2. Description of the Related Art
One of the most fundamental goals of research on three-dimensional graphics has always been to generate as much realistic graphic screens as real images. Accordingly, research has been carried out on rendering technology using a polygonal model, and as a result, a variety of modeling and rendering techniques, capable of representing a very realistic three-dimensional environment, have been developed. However, strenuous efforts and a considerable amount of time are always required to establish complicated three-dimensional graphic models. In addition, a considerable amount of data is needed for representing a very realistic and sophisticated environment, which may end up in very low data storage and transmission efficiencies.
Currently, a polygonal model is generally adopted to represent three-dimensional objects in computer graphics. In this technique, an arbitrary shape can be roughly represented by a set of colorful polygons, for example, a set of triangles. Recent remarkable developments in software algorithms and graphic hardware have enabled a complicated object or scene to be visualized into a very realistic, still (or moving) polygonal model in real time.
For the past few years, research has been vigorously carried out on a technique of representing a three-dimensional object mostly because of difficulty in constructing polygonal models for a variety of objects in a real world, complexity of conventional rendering techniques, and limits in representing images as realistically as possible.
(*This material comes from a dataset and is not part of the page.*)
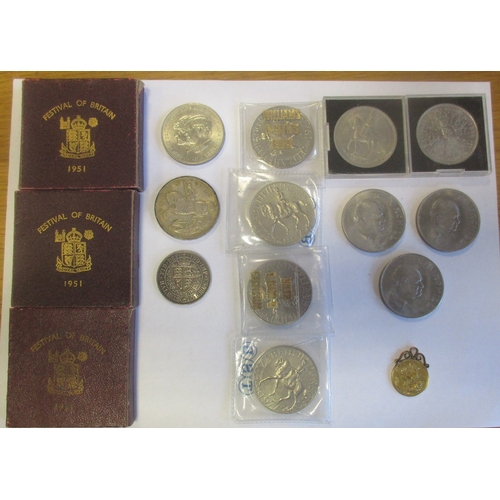 504 - Investment Gold lot - documents required. 1914 sovereign fine in pendant mount, plus 1935 crown, 189...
An application program needs a considerable number of polygons to represent three-dimensional objects. For example, a model for representing the human body in detail needs several millions of triangles, which is too many to deal with. Even though recent developments in three-dimensional measurement technology, such as three-dimensional scanning, make it possible to obtain sophisticated three-dimensional data whose errors are within an allowable bound, it is still very difficult and very expensive to obtain a polygonal model that perfectly matches with objects. In addition, a rendering algorithm for providing as realistic image representations as photographs is too complicated to support real-time rendering.
In the meantime, there is a relatively new method of representing or rendering an object having a complex geometrical structure, i.e., depth image-based representation (DIBR), which has been adopted in MPEG-4 Animation Framework extension (AFX). While polygonal meshes are generally used to represent objects in computer graphics, a set of reference images that cover a visible surface of a three-dimensional object is used to represent the three-dimensional object in DIBR. Each of the reference images is represented by a depth map, and the depth map presents an array of different distances between pixels on an image plane and the surface of the three-dimensional object. One of the biggest advantages of DIBR is that objects can be represented with high quality by simply using reference images without using polygonal models. In addition, the complexity of rendering a DIBR view is determined solely depending on the number of pixels constituting the DIBR view (i.e., the resolution of the DIBR view), irrespective of the complexity of a scene. DIBR includes SimpleTexture, PointTexture, and OctreeImage. PointTexture represents an object with PointTexture pixels seen from a predetermined camera position. Each of the PointTexture pixels is represented by its color and depth (a distance between each of the PointTexture pixels and the predetermined camera position) and other properties that help PointTexture rendering. A plurality of pixels may possibly be provided along lines of sight. A PointTexture image is generally comprised of a plurality of layers. FIG. 1 illustrates a simple example of a one-dimensional PointTexture image. PointTecture requires a considerable amount of data to realistically represent objects. In general, the more realistic images, the higher sampling density and the more data needed to be processed. Therefore, efficient compression of PointTexture images is strongly required. FIG. 2 illustrates node specifications of PointTexture. In FIG. 2, ‘depth’ and ‘color’ fields are the ones to be compressed.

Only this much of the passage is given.